*** EXERCISE DATA Section Begins ***

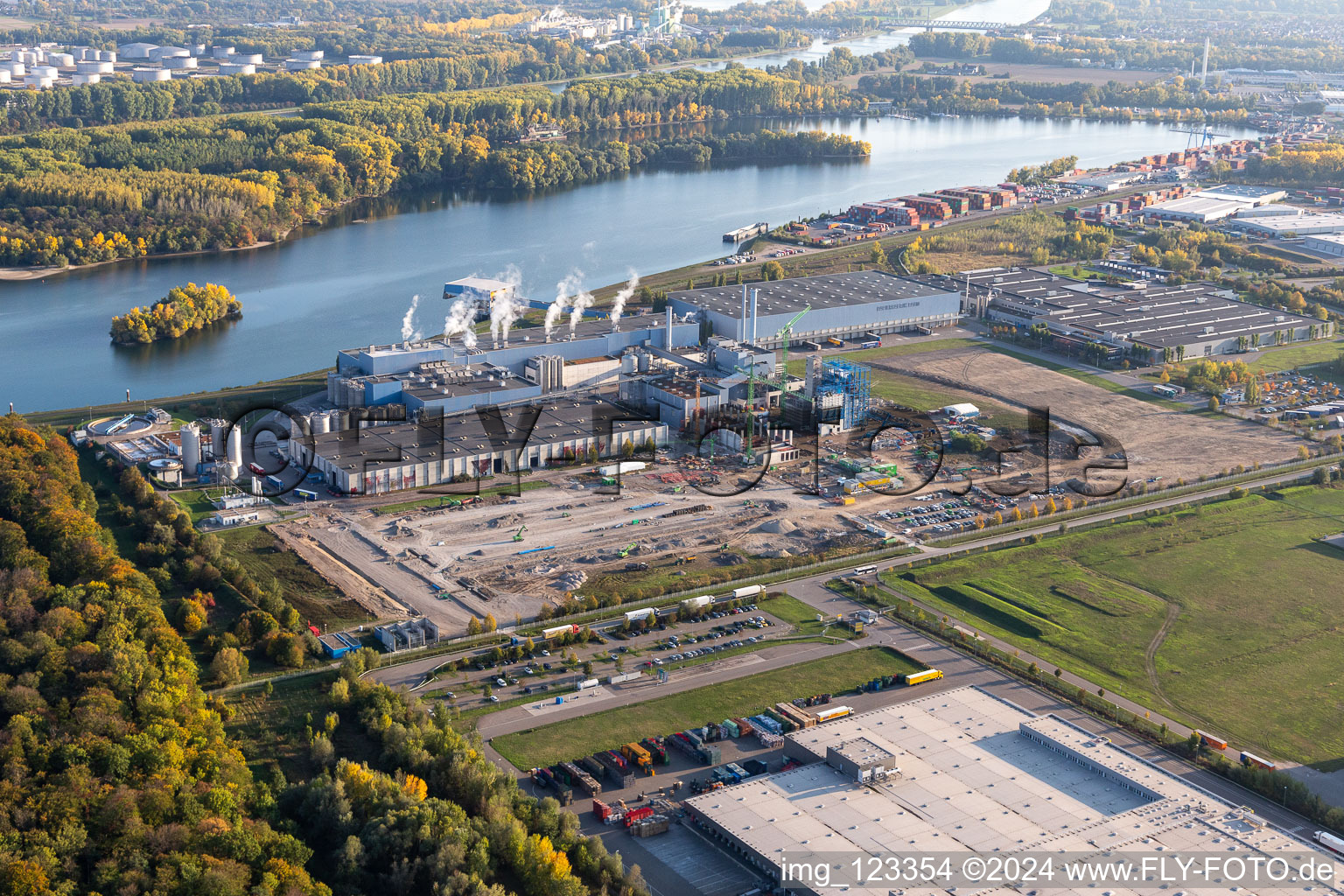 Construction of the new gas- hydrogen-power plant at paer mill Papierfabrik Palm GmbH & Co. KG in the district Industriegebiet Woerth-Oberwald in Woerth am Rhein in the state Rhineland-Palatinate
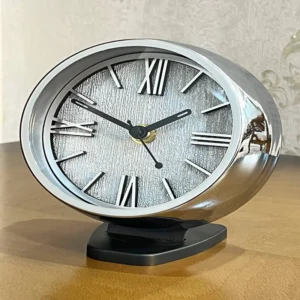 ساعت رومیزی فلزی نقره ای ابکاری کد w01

*** EXERCISE DATA Section Ends ***
*** EXERCISE DATA Section Begins ***

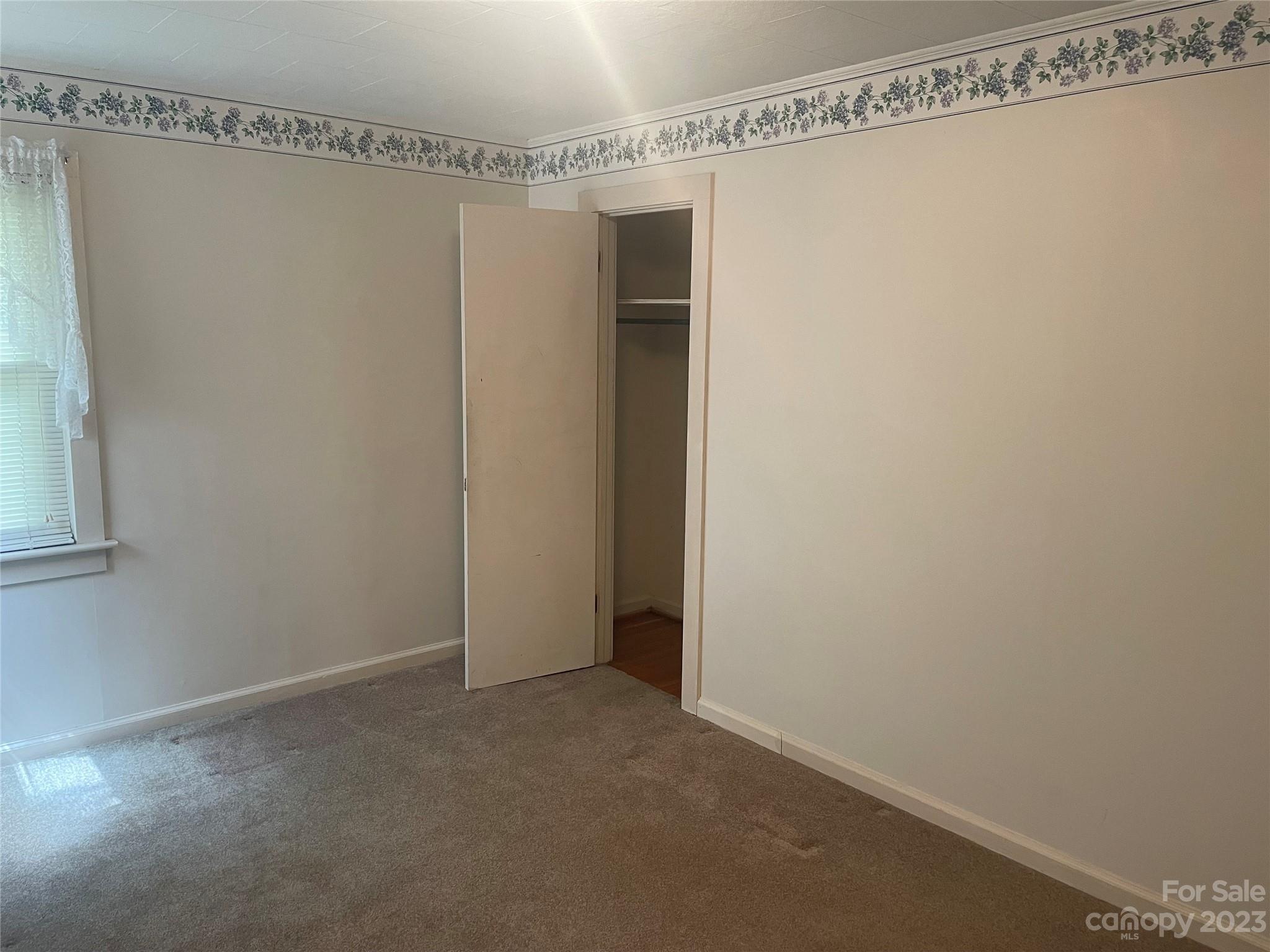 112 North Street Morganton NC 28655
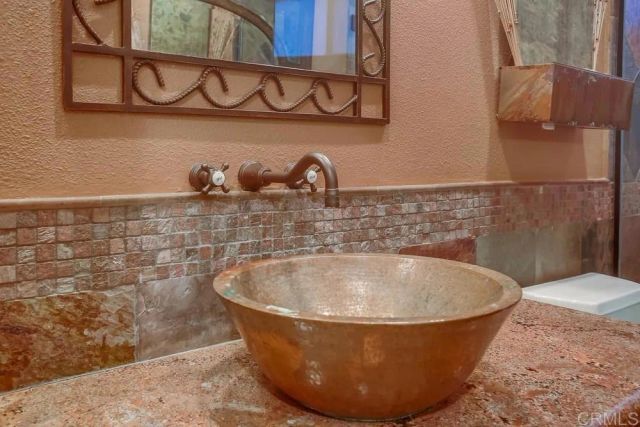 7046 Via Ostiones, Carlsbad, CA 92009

*** EXERCISE DATA Section Ends ***
*** EXERCISE DATA Section Begins ***

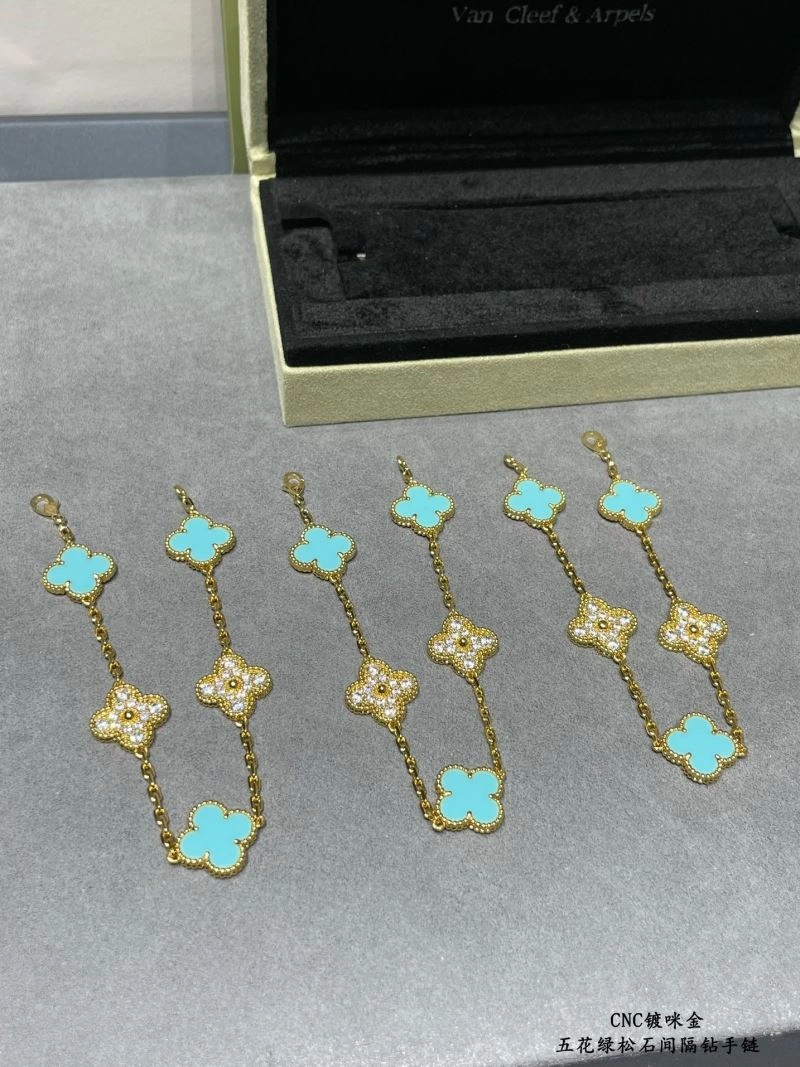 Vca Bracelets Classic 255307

*** EXERCISE DATA Section Ends ***

AIM OF THE EXERCISE:
Starting with the line that has "Construction of the" and ending with the line that has "ساعت رومیزی فلزی نقره ای ابکاری کد w01", repeat the lines above exactly, omitting every picture.

OUTPUT FOR THIS EXERCISE:
 Construction of the new gas- hydrogen-power plant at paer mill Papierfabrik Palm GmbH & Co. KG in the district Industriegebiet Woerth-Oberwald in Woerth am Rhein in the state Rhineland-Palatinate
 ساعت رومیزی فلزی نقره ای ابکاری کد w01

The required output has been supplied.